Raw data:
'''

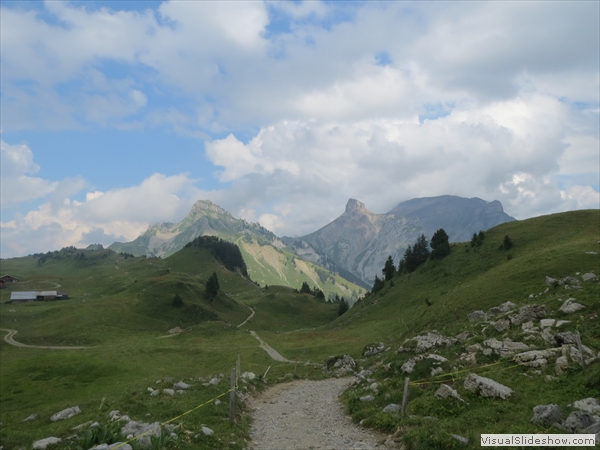 Von der Schynigen Platte Blick zurück: Loucherhorn, Sägisenhorn, Winteregg mit <br/>Bira (und was sieht man da noch - ganz klein?)  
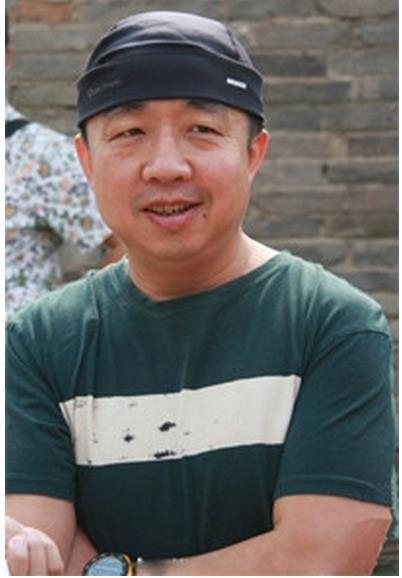 她貌美如花 却在最红时隐退嫁给又丑又老的男人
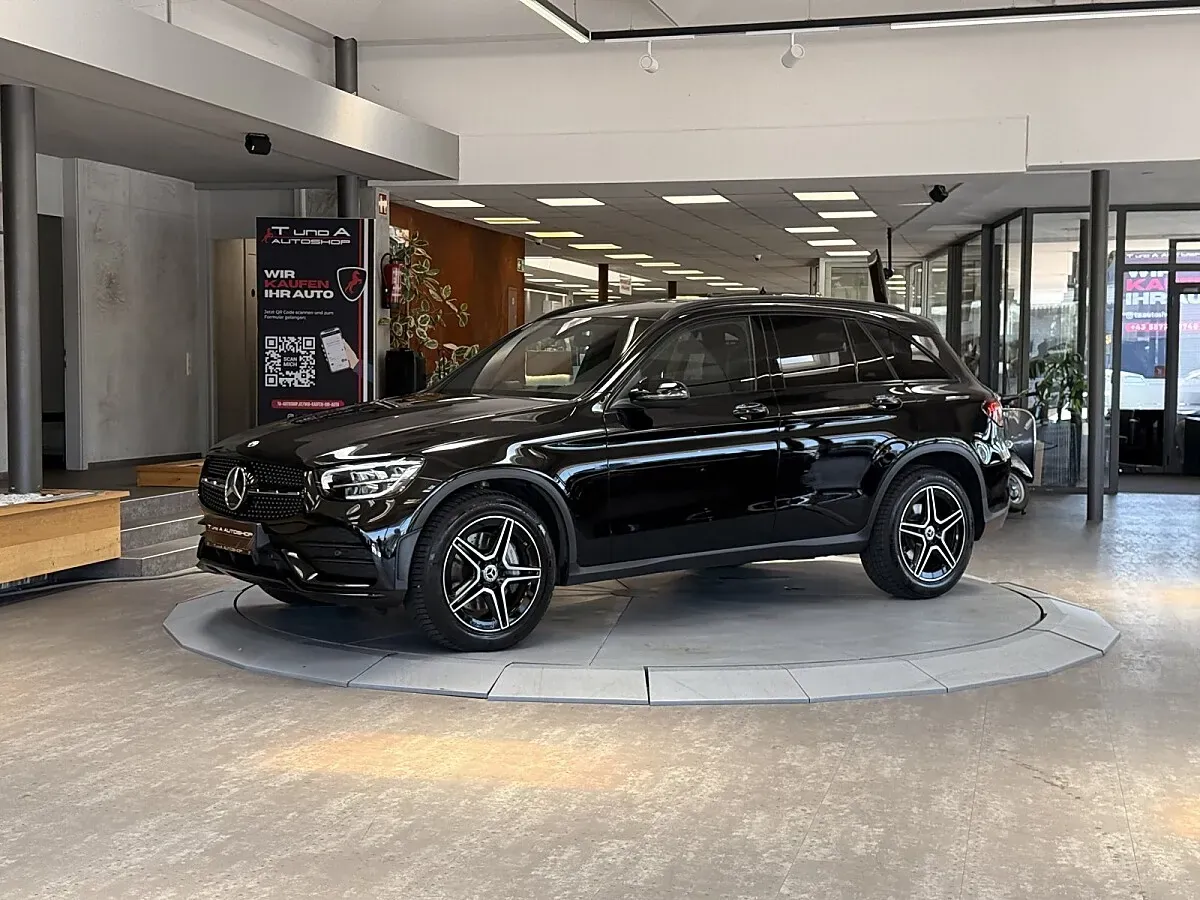 Mercedes-Benz Glc-Class 2022 photo 2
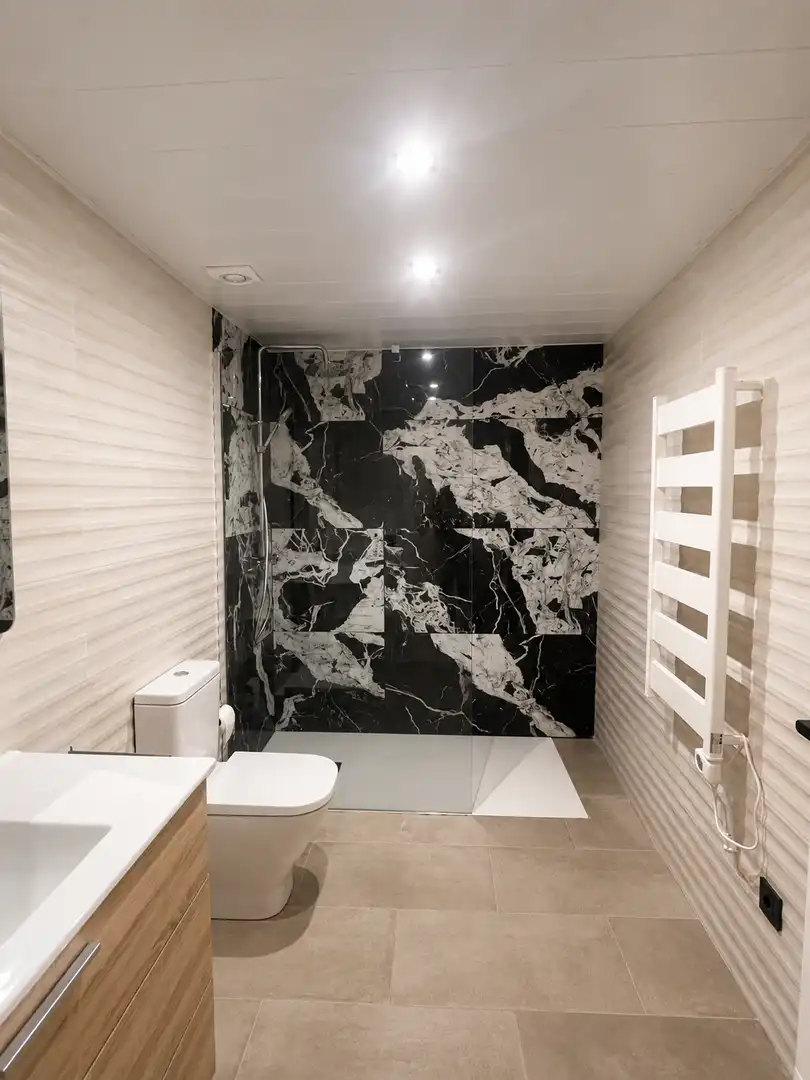 Bathroom of Apartments for sale in Lleida  with Air Conditioner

'''

Work required: Put each line of the listing above into the copy exactly, dropping the pictures.

Answer box:
 Von der Schynigen Platte Blick zurück: Loucherhorn, Sägisenhorn, Winteregg mit <br/>Bira (und was sieht man da noch - ganz klein?)  
 她貌美如花 却在最红时隐退嫁给又丑又老的男人
 Mercedes-Benz Glc-Class 2022 photo 2
 Bathroom of Apartments for sale in Lleida  with Air Conditioner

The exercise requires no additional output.